From the line containing "Caversham Boat Services" to the final line of the material below, return every line exactly. Do not include pictures.

START Input for this task

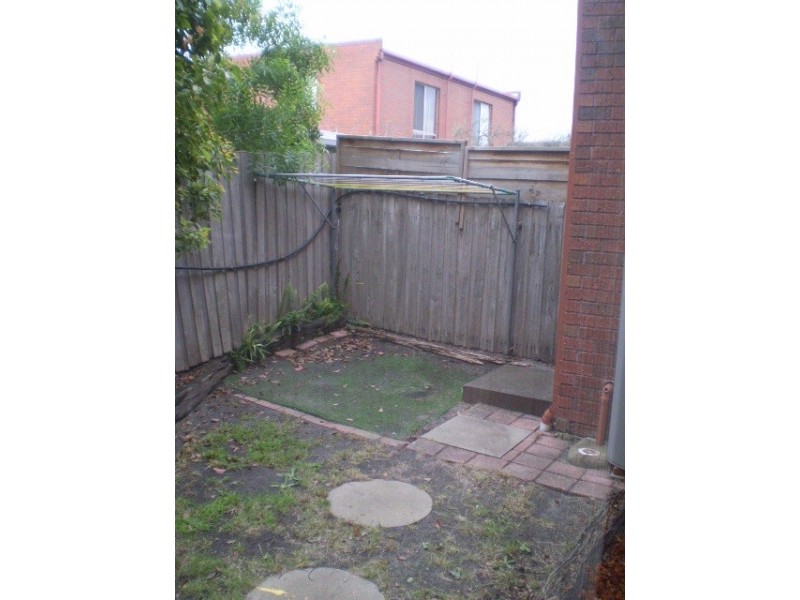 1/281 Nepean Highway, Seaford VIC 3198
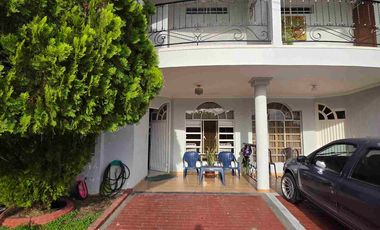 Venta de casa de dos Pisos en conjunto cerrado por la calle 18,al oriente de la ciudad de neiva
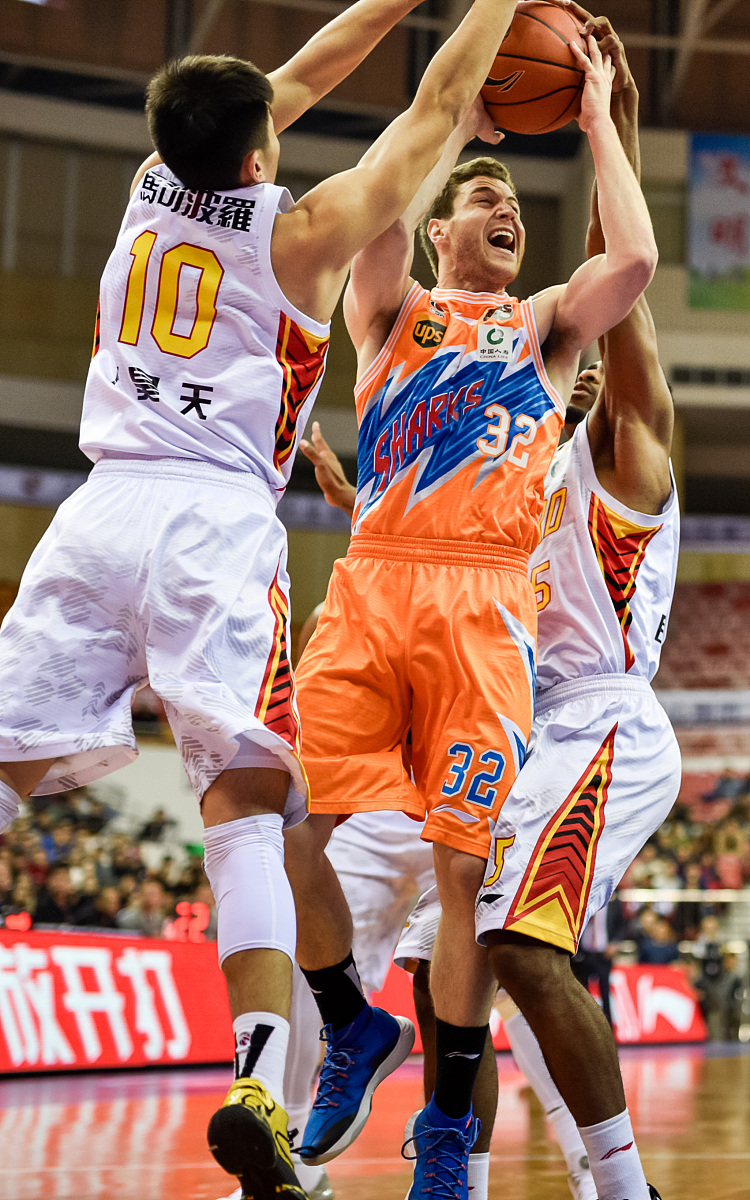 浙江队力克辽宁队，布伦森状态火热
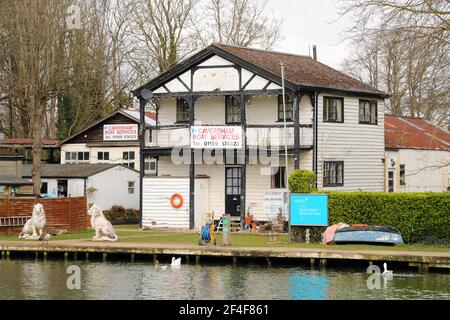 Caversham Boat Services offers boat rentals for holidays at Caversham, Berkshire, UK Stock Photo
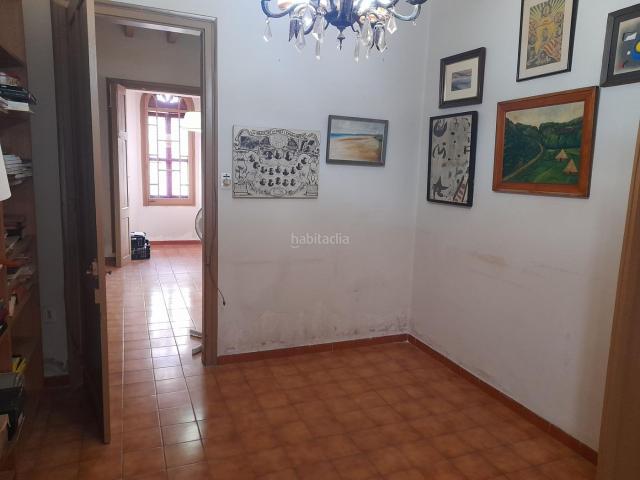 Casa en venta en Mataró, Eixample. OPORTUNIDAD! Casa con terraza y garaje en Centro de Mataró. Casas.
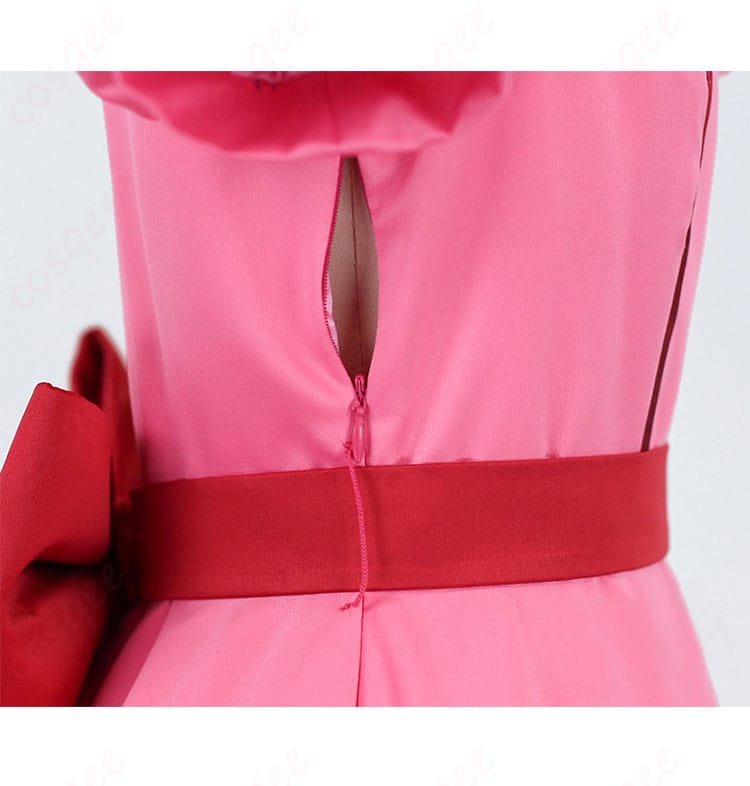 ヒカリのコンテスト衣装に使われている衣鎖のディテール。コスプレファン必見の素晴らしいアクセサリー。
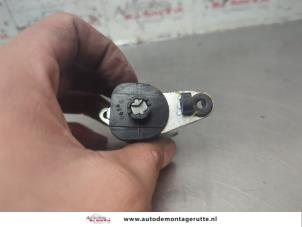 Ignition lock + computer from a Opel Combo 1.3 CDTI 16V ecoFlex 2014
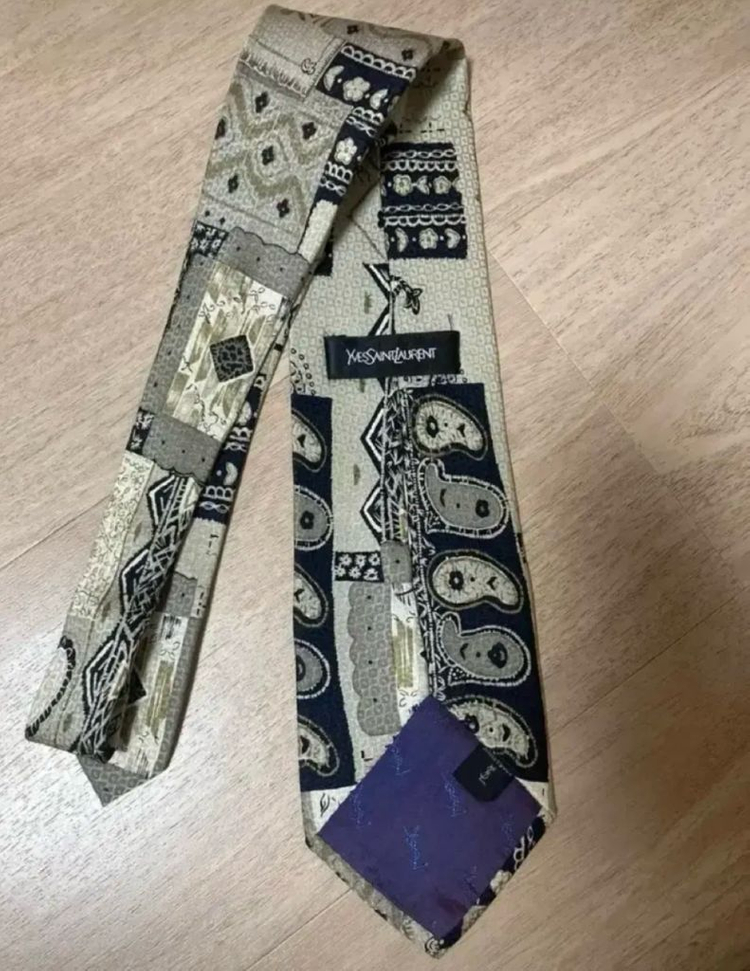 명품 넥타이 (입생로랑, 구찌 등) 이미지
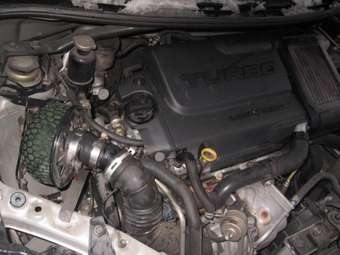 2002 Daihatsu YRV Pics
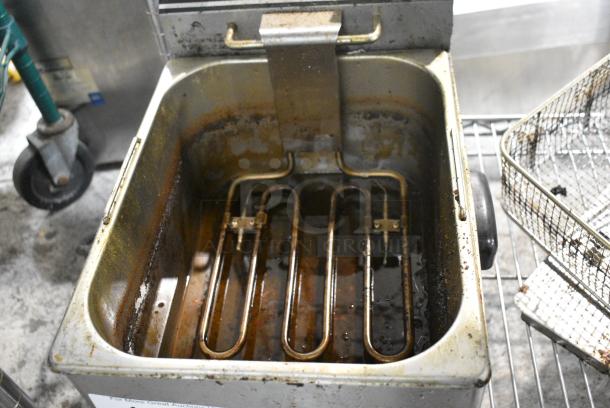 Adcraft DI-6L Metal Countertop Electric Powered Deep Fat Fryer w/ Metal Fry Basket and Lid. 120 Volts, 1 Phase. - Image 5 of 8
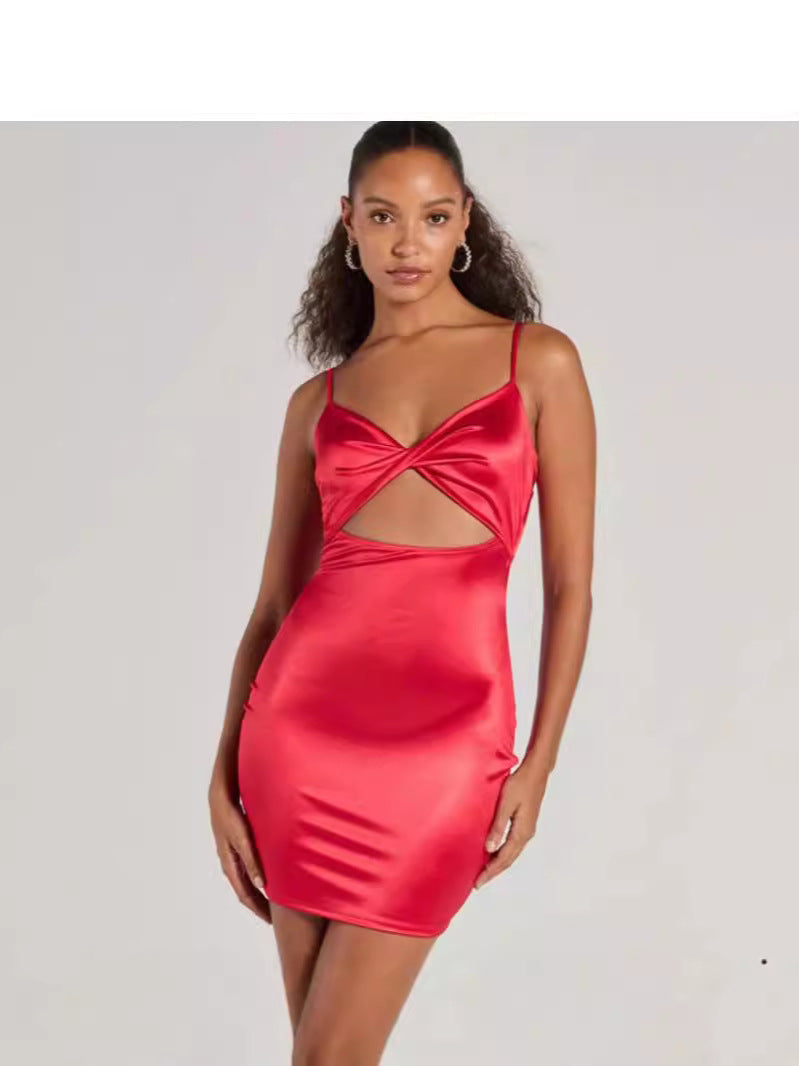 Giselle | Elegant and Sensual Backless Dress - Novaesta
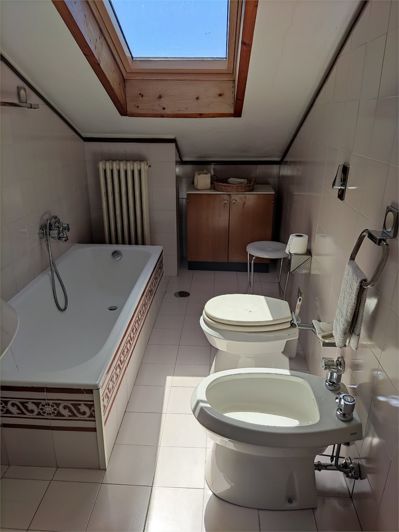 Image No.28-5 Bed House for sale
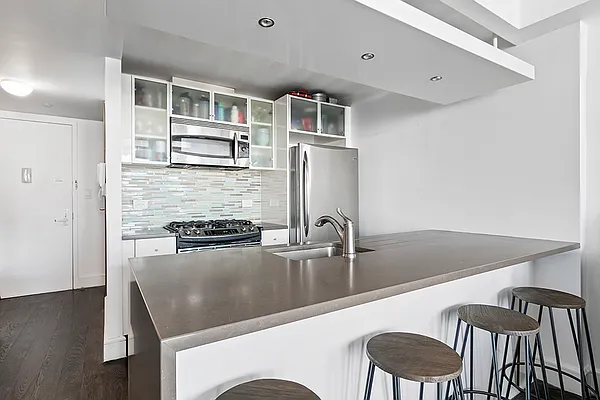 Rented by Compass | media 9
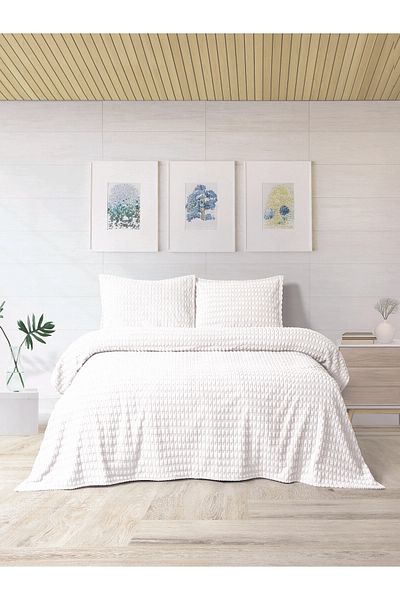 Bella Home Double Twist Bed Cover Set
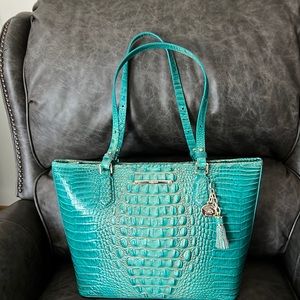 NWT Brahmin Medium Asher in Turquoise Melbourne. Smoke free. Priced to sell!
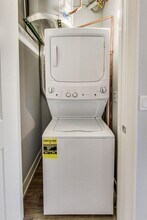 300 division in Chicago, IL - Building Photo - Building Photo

END Input for this task

**Answer for the task**
 Caversham Boat Services offers boat rentals for holidays at Caversham, Berkshire, UK Stock Photo
 Casa en venta en Mataró, Eixample. OPORTUNIDAD! Casa con terraza y garaje en Centro de Mataró. Casas.
 ヒカリのコンテスト衣装に使われている衣鎖のディテール。コスプレファン必見の素晴らしいアクセサリー。
 Ignition lock + computer from a Opel Combo 1.3 CDTI 16V ecoFlex 2014
 명품 넥타이 (입생로랑, 구찌 등) 이미지
 2002 Daihatsu YRV Pics
 Adcraft DI-6L Metal Countertop Electric Powered Deep Fat Fryer w/ Metal Fry Basket and Lid. 120 Volts, 1 Phase. - Image 5 of 8
 Giselle | Elegant and Sensual Backless Dress - Novaesta
 Image No.28-5 Bed House for sale
 Rented by Compass | media 9
 Bella Home Double Twist Bed Cover Set
 NWT Brahmin Medium Asher in Turquoise Melbourne. Smoke free. Priced to sell!
 300 division in Chicago, IL - Building Photo - Building Photo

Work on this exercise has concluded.